CS220 Lab
Finding Links in HTML Files
In this lab you will write a simple program that extracts the links
from an html file. This will be useful in the next stage of the
project, where you will find web pages to process by chasing links.
Finding Links
It's easy to find the links in a web page; they are in the href
portion of anchor tags.
<a href="http://cs.roanoke.edu/CPSC220A">My favorite class!</a>
An anchor tag may have other attributes besides href, and if there are
other attributes the href may not come first. But
in the interest of keeping things simple we'll assume that
href is the first attribute. (An easy extension would be to
drop this assumption.) This means that you can find the URL
just by looking for a "<" followed by an "a", skipping three more tokens
(href, =, and ") and there you are. Of course, the URL itself contains
a number of tokens, but that's ok -- it just goes to the next double quote.
Exercise 1: Write a program called NetTest.java that prompts the
user for the URL of a web page, then prints all of the URLs that the given
page links to. You will need to:
- Create a URL object from the input string
- Create a Scanner object to read from the URL
- Get tokens from the scanner, looking for the pattern described above.
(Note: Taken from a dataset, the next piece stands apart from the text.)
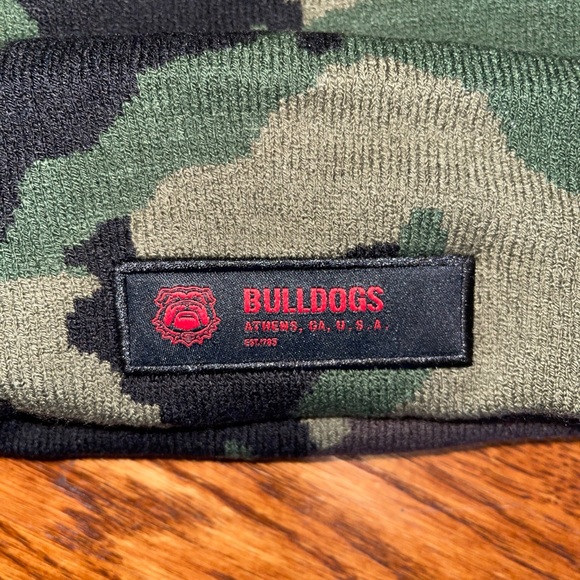NIKE GEORGIA BULLDOGS CUFFED BEANIE HAT CAMO MILITARY GREEN ADULT UGA - Picture 2 of 3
When you find a URL, bundle it into a string and print it. You don't need to
save it after you print it.
Remember to import java.net.* and java.io.*.
Absolute and Relative URLs
A URL in an anchor tag can be absolute or relative. An absolute
URL starts with http (or maybe another protocol, which we'll discuss
later), e.g., http://cs.roanoke.edu/CPSC220A. A relative URL just gives
the path to a file relative to the current document, e.g.,
prog3.html or lab9/post9.html.
If you process a variety of pages using your program from above,
you'll probably find examples of both.
Unfortunately, to open a stream to a URL (which you need to do
to parse a web page), it must be absolute. Fortunately, it is easy
to construct an absolute URL from a relative one, provided that you
have the URL that it is relative to (got that?). The URL class provides
a constructor that takes a URL and a String and returns a new URL that
is the string relative to the URL. If the string represents an absolute
URL, the URL passed in has no effect. For example, the code
below will produce the output shown:
Code:
URL url1 = new URL ("http://cs.roanoke.edu/CPSC120A/index.html");
URL url2 = new URL(url1, "prog1.html");
URL url3 = new URL(url1, "lab9/post9.html");
URL url4 = new URL(url1, "http://cs.roanoke.edu/~bloss/PEP.html");
System.out.println(url1);
System.out.println(url2);
System.out.println(url3);
System.out.println(url4);
Output:
http://cs.roanoke.edu/CPSC120A
http://cs.roanoke.edu/CPSC120A/prog1.html
http://cs.roanoke.edu/CPSC120A/lab9/post9.html
http://cs.roanoke.edu/~bloss/PEP.html
Exercise 2: Modify your program so that all of the URLs
printed are absolute.
Other Protocols
A URL in an href
can have other protocols besides http -- for example, mailto is
common. But only http will give a parseable page, so you should restrict the
URLs you consider to those with the http protocol.
Again, the URL class makes this easy. It has a getProtocol() method
that returns a String representing the protocol.
Exercise 3: Modify your program to
print only URLs with the http protocol.
What To Turn In
Turn in hardcopy of your NetTest.java class and e-mail it to me
with cpsc220 NetTest in the subject line.